RE: Where are the numbers?
R. Sale > 06-03-2017, 08:56 PM
I can agree that there are certain parts of the VMs that can be easily seen as having the appearance of belonging to a hausbuch type of document. What leads me to the alchemical-herbal description is the number of pages devoted to plants. The number of pages that appear as plant monographs is such that the VMs would seem to contain more information on plants and herbal cures than is found in a typical hausbuch. And so I find 'herbal' is an important descriptive term. We could call it an alchemical-herbal-hausbuch.
But a hausbuch is intended to contain important and useful information. Has the VMs provided any important and useful information? It is a text that has been under investigation for a century. What has the VMs investigation revealed? Any of the important and useful information of a hausbuch?
If the VMs were an alchemical-herbal-hausbuch of information, it would be a cultural product of accumulated knowledge etc. While that perception may have appeared valid in the 15th century, it hardly seems so today. The VMs appears to be a cultural product from an unknown source, but it is not. There is no "Voynichese" cultural source to actually support this facade. The VMs is built on deception. It is a complete creation of an unknown reality. It's sort of like a hoax or forgery, but it has a purpose. The creation has a purpose; there is something hidden behind the facade.

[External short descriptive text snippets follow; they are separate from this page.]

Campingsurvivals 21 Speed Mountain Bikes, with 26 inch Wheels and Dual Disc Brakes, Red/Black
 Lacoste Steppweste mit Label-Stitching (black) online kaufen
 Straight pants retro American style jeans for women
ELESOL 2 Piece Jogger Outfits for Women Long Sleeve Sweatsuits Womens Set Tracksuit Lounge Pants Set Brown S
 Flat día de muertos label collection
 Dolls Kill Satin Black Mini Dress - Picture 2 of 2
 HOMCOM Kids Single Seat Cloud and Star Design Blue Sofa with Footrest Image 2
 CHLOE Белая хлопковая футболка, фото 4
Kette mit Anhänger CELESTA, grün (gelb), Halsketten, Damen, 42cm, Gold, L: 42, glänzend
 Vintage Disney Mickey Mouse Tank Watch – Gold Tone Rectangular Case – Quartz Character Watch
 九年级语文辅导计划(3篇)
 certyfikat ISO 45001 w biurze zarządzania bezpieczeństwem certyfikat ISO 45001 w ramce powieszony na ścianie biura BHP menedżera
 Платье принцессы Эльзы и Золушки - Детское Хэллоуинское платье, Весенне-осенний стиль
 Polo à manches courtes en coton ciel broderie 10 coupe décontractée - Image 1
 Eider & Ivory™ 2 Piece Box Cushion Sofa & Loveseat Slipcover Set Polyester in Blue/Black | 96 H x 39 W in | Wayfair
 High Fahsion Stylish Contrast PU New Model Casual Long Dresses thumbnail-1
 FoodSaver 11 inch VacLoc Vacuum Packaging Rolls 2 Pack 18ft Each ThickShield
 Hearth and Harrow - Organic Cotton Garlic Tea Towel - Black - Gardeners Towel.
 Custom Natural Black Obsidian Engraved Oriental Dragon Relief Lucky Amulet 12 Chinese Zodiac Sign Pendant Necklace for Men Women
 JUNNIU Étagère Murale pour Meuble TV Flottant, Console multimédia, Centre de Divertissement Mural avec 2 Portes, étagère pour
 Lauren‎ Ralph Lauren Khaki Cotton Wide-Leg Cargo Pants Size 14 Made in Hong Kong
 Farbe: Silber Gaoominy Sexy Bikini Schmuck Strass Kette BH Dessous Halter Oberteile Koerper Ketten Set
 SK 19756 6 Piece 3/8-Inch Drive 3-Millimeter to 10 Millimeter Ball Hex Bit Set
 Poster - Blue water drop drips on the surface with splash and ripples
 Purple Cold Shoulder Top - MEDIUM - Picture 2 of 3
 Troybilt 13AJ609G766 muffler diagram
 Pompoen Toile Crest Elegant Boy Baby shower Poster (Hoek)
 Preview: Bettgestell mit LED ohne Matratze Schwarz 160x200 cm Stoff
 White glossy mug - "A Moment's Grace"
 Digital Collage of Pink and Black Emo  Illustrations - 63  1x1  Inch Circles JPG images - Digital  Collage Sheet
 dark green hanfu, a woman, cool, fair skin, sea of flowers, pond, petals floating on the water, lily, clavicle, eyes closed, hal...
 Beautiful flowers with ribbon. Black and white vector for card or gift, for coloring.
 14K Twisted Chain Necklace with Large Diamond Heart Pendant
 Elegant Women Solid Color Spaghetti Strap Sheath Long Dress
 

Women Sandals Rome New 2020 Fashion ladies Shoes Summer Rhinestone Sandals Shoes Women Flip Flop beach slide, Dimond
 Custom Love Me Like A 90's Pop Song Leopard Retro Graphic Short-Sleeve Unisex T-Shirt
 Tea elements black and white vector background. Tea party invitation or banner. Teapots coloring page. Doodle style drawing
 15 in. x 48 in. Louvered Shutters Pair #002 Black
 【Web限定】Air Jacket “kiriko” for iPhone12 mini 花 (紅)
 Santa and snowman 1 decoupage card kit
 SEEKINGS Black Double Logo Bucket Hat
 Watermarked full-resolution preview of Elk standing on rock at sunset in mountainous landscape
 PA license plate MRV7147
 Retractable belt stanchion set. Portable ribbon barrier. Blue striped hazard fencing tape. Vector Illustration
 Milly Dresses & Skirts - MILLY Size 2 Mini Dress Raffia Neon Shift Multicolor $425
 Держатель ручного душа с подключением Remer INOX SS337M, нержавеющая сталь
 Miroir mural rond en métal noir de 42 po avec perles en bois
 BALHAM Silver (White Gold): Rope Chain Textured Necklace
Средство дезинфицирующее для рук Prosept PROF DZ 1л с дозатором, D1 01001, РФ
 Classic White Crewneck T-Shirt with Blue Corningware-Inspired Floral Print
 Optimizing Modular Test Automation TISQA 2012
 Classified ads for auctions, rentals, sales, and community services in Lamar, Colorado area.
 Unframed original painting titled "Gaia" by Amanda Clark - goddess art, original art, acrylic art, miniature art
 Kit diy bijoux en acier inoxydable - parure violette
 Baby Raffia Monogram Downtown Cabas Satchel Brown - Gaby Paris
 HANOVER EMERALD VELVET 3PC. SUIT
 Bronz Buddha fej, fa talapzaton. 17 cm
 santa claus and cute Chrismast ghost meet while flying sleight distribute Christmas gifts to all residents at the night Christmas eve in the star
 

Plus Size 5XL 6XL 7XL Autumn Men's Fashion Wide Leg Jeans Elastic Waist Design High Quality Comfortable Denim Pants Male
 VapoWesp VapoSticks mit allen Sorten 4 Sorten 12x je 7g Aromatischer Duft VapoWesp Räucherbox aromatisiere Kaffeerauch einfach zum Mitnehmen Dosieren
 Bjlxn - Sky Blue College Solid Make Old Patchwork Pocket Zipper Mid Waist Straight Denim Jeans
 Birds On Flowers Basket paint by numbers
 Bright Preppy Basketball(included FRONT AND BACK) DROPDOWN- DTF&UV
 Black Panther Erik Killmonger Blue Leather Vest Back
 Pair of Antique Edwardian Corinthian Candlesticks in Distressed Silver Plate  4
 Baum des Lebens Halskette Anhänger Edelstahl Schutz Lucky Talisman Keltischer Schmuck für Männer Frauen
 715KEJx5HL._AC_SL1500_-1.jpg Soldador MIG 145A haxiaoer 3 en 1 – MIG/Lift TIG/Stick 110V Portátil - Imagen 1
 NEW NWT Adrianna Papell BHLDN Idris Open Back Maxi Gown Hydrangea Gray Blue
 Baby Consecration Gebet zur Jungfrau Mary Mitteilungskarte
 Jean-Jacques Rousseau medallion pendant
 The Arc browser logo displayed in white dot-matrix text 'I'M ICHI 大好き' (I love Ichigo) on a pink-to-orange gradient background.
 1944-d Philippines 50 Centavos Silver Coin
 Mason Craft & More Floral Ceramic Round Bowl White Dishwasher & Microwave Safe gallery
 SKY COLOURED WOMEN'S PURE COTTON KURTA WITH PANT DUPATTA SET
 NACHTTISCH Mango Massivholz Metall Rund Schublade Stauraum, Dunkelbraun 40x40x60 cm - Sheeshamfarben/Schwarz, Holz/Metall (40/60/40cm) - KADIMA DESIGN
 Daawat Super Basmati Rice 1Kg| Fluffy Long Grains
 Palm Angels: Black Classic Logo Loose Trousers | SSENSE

Having something hidden on the pages of a manuscript can be a problem, but there are ways to work around the difficulties. Finding something intentionally hidden in a manuscript, and demonstrating that it was intentionally hidden by the author also has its difficulties. Let's just say that it was placed there for the reader to find. Then it's just a question of whether the reader finds it or not. Mostly it's been not. When both the topic and the elements are not known, recognition does not occur.
The potential reconstruction of the Oresme cosmos with VMs parts is an interesting possibility. Perhaps the two essential parts are separated for purposes of deception, but a clear, simple nebuly line is there (f68v) as a clue. The Fieschi connection to the tradition of the red galero (f71r) is disguised by a radial orientation. The visual possibilities are confirmed by traditional placement. The extent of hidden construction is demonstrated by the placement of the heraldic papelonny patterns, to correspond in quadrant and sphere with two blue-striped patterns on the following page - or two. Not to mention - the pun. All this is hidden behind the facade in the pages. And it cannot be found by those who do not know the pattern and its name. But they were put in place by someone who did know the heraldic tradition quite well. Meanwhile in some modern references, these traditional details of the heraldic furs are now omitted and even the possibility of investigative discovery is closed off.
The VMs author knows the science and the history of their time. And they know it well, very well. And so they expect the reader to do the same, - to find the reality of science and history as it was perceived at the time that some unknown VMs 'author' person(s) put pen and paint to parchment to make the VMs. And it might now be said, even as the method of disguise has been discovered in each case, that this author has established one clear point in science and another in history and that both would have been well and widely known to other educated contemporaries. The question is whether the grounding in historical fact is sufficient to support further investigation behind the facade. If there is a purpose for this carefully disguised construction, where does it lead?